README.md - TKlintworth/CSCE580-Reinforcement GitHub Wiki

CSCE580 Project 3 - Reinforcement

Authors:

Tristan Klintworth - T49161658

Melody Fakih - K54301349

Project 3 (Reinforcement)

In this project, we implemented value iteration and Q-Learning to simulate a crawler robot and a pacman agent.

Implementation

Q1: Value Iteration

Overall, we implemented the value iteration state update equation in which we separately computed the Q-value and the best action in the given state according to the values currently stored in self.values. This code is the actual update of a state:

values[state] = self.computeQValueFromValues(state,action)

And calculating the Q-value:

qVal += probability*(reward+discount*nextValue)

Q2: Bridge Crossing Analysis

In the section, we had to adjust the discount or the noise to allow the agent to successfully cross the bridge. The default noise was 0.2 but we used 0.0 noise so our agent wouldn't fall off of the bridge if it followed the optimal policy. We also kept the discount at 0.9

answerDiscount = 0.9
answerNoise = 0.0

Q3: Policies

3a.

To prefer the close exit and risk the cliff, we used discount 0.5 and living reward -1.0. We used a negative living reward to encourage the agent to take more risk and we used 0.5 as the discount to encourage the agent not to travel too far.

3b.

For the agent to prefer the close exit but avoid the cliff, we had to set the noise to 0.2 so the agent would sometimes take the north action, which it avoids under almost any other circumstance. Then we set the other values to the same as 3a for the same reasons.

3c.

To prefer the distant exit but risk the cliff, we set the discount at 1.0 so the agent would not be discouraged from going far and we made the living reward very negative so the agent would not want to go to the low value exit and still risk the cliff.

3d.

To prefer the distant exit and avoid the cliff, we set the discount relatively high so that the agent would be encouraged to travel further. To avoid the cliff, we added noise and a negative living reward.

3e.

To avoid both exits and the cliff we set the discount to 1 so the reward never decreases and the reward is high so the agent never desires to leave through a terminal state and will always take the north option to stay inside the gridworld.

Q4: Asynchronous Value Iteration

For this version of value iteration, we iterated through each update while cycling through the states using the length of the list of states. Each iteration updates the value of only one state:

self.values[states[count]] = self.computeQValueFromValues(states[count],action)

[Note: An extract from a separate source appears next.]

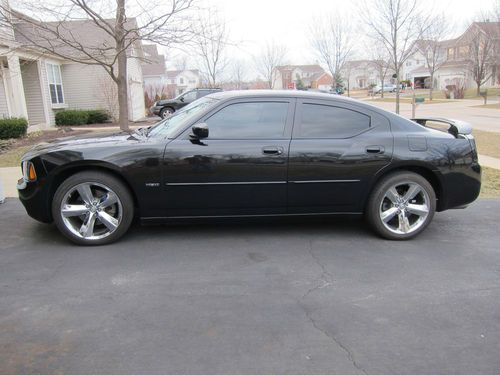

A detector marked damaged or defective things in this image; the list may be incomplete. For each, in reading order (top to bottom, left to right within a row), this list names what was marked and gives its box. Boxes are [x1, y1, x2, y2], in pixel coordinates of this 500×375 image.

crack in pavement [296, 241, 372, 375]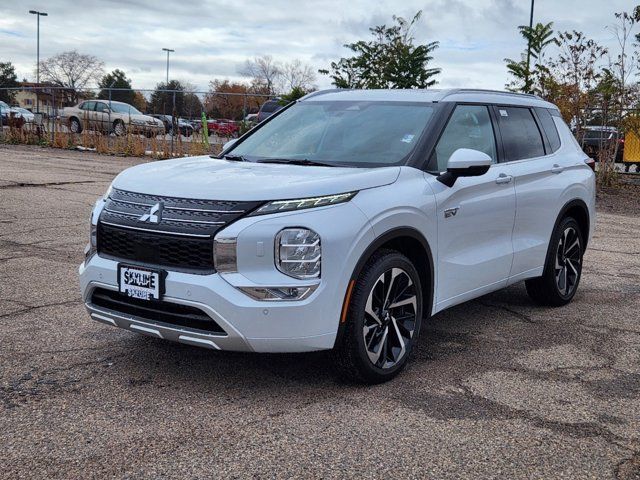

Q5: Prioritized Sweeping Value Iteration

For prioritzed sweeping value iteration we followed the given procedure. First, we computed the predecessors of each state as long as there was a nonzero probability of that state reaching the current state:

preds = {}
        for s in self.mdp.getStates():
            preds[s] = set()
...

if probability > 0:
        preds[nextState].add(s)

Then using a priority queue, we pushed nonterminal states and -diff, which was the absolute value of the current value of the predecessor and the maximum Q across all possible actions from the predecessors:

diff = abs(self.values[s] - maxQ)
pq.update(s, -diff)

As before, we use a negative because the priority queue is a min heap, but we want to prioritize updating states that have a higher error.

if diff > self.theta:
    pq.update(p, -diff)

Q6: Q-Learning

The first thing we did was initialize a dictionary to index state and actions with q-values.

self.stateQvals = {}

Next, we implemented the functions of getQvalue, computeValuesFromQvalues, and computeActionsFromQvalues. And then in the update function, we took the sample estimate which is reward + discount * qvalue of the next state

sampleEst = reward + self.discount * self.computeValueFromQValues(nextState)

Then, we took old estimate which is the qvalue taking the state and action

oldEstimate = self.getQValue(state, action)

Finally, we incorporated the new estimate in the running average

 self.stateQvals[(state,action)] = (1-self.alpha)*oldEstimate + self.alpha*sampleEst

Q7: Epsilon Greedy

Implented the getAction function which takes a random action and then takes the best policy otherwise.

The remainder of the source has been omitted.